Chris Glass is a tall fellow from Southwestern Ohio. Growing up, his family had a big garden, raised cattle, ate fresh eggs, and had ducks and peacocks. Since he didn’t have neighbors, he found other ways to entertain himself when not pestering his good-hearted family. He earned a design degree from Ohio State University and currently spends his days at a rural studio in Oxford, Ohio where he makes things with friends to sell on Wire & Twine or projects for others. He spends his nights at home in Cincinnati.


Ryan: Before we get started with the interview, I’m curious about what you’ve been up to. I know you’re working with Wire and Twine, right?

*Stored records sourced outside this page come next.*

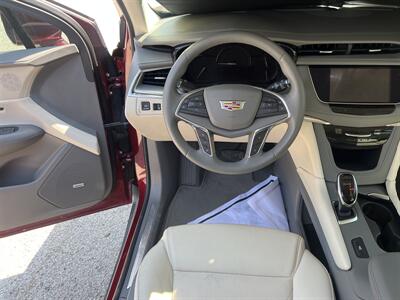 2018 Cadillac XT5 Luxury   - Photo 11 - Lewisville, TX 75057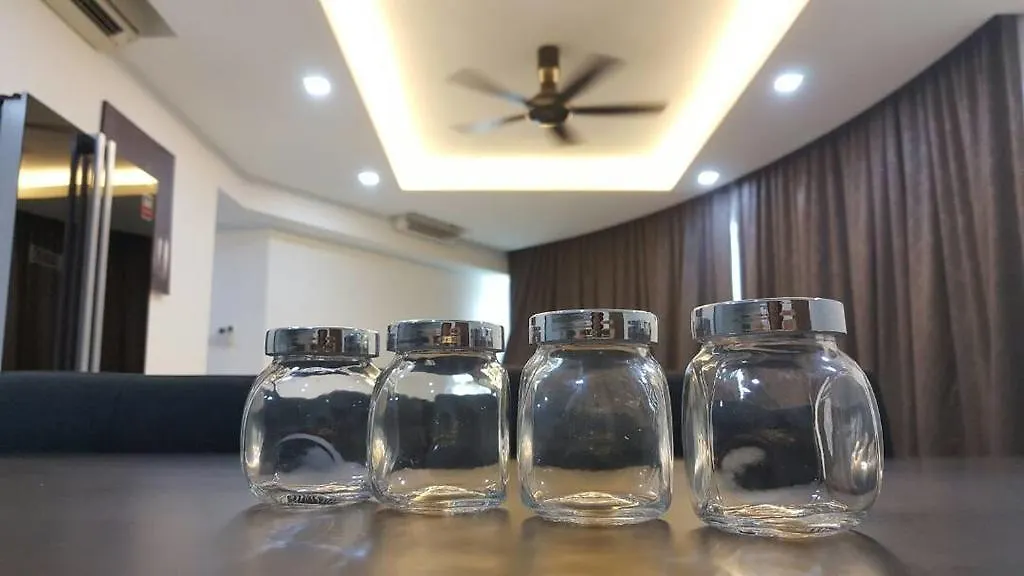 Dream Home & Castle In The Sky Hostel Kuala Lumpur 0*,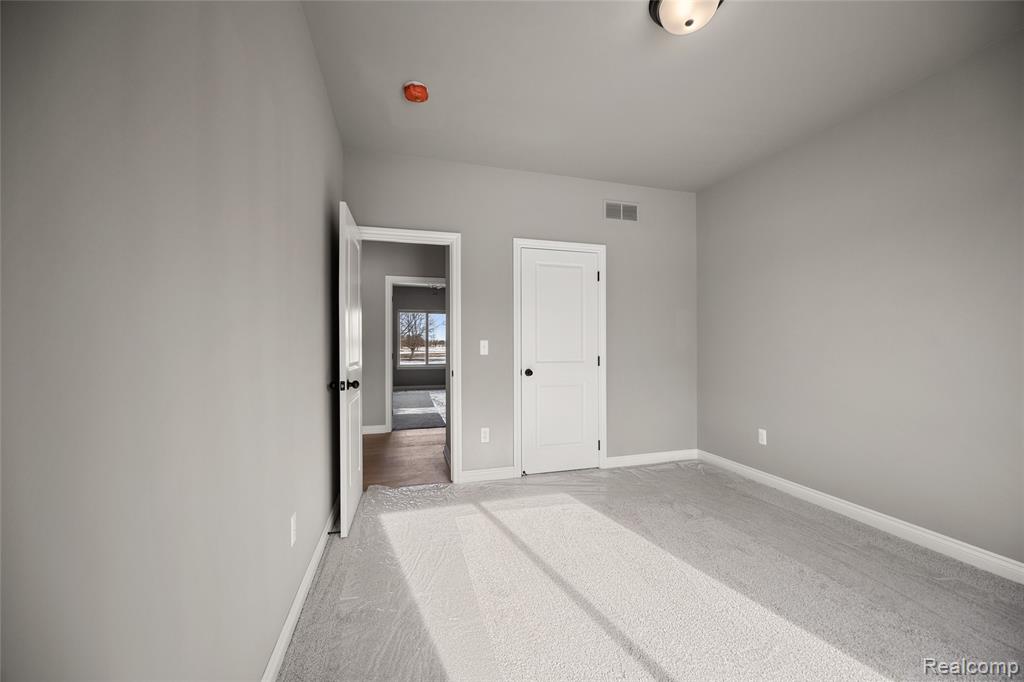 7120 Dryden Road Property Photo 28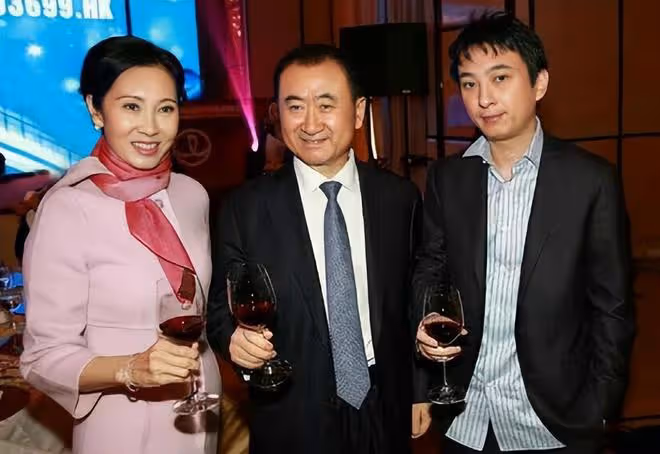 王思聰一家三口罕見同框！59歲媽媽穿粉大衣配絲巾，看著最多30歲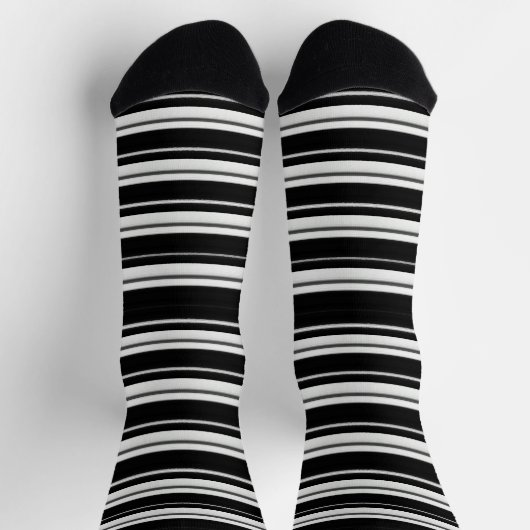 Black Stripe Socks – Bold Monochrome Style ソックス (上部)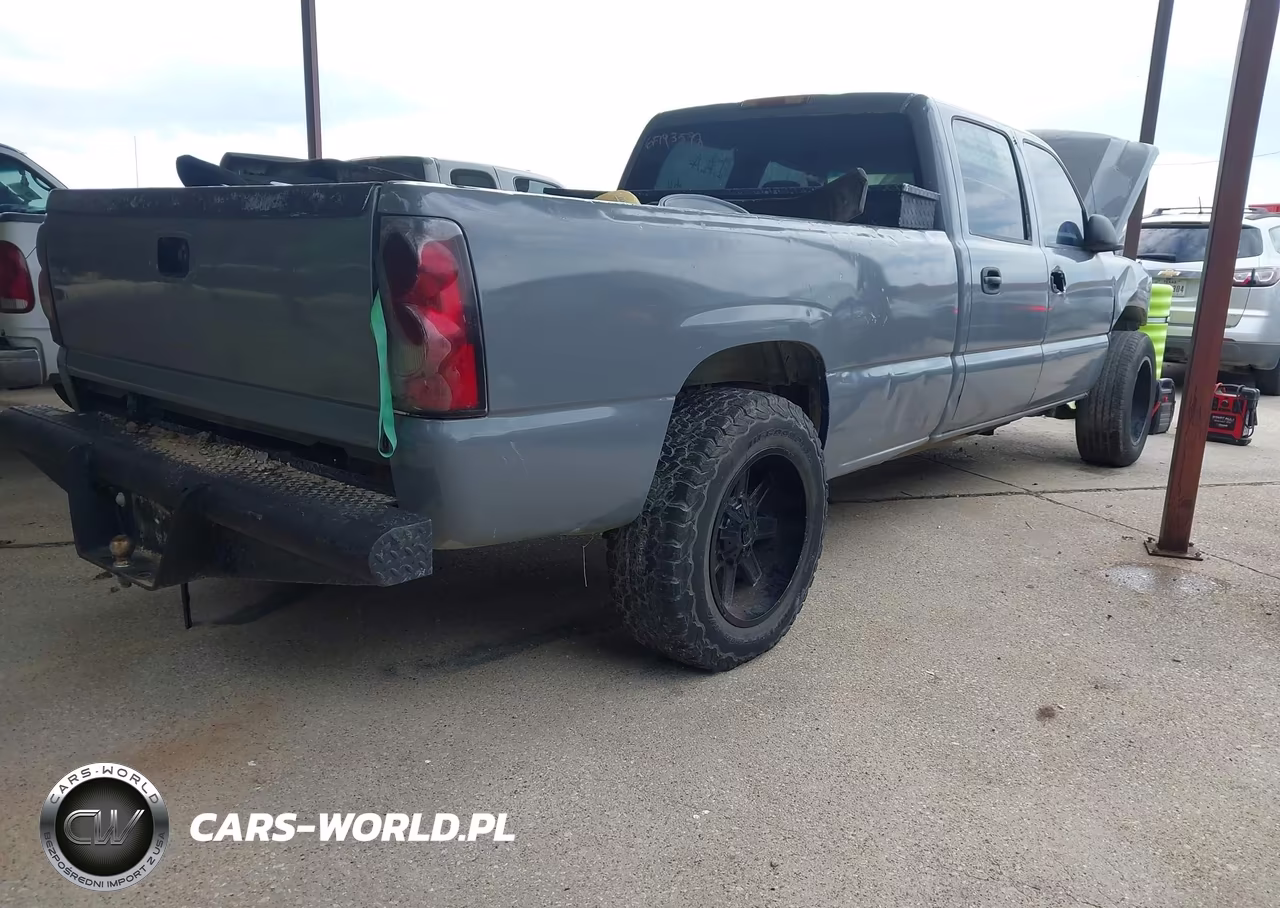 2006 Chevrolet Silverado 2500Hd Work Truck VIN:1GCHC23D16F193592 - 4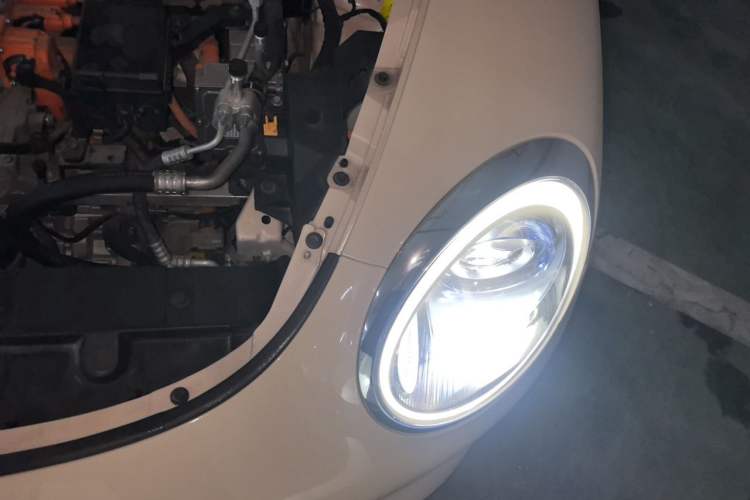 Used ORA Good Cat 2021 400km Standard Range Venus Edition Lithium-Ion Battery Engine Bay Left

Yep. When folks ask me what I do, the answer is, “As little as possible.” My goal in life is to work just enough to make great stuff and enjoy life. That’s one of the reasons I live in Ohio. I can afford to make mistakes and experiment.

The long answer? I’m a designer. I tend to hang in the realm of web, icons and identity, but I’ll dip my toe in print from time to time. For fun, we make t-shirts and other goods at Wire & Twine1 and, for personal enjoyment, I take photos. Right now, I’m working on an identity project, a website, an iPad app, and I’m sure there’s something else I’m forgetting. I should use my to-do list more.

Describe your path to becoming a designer.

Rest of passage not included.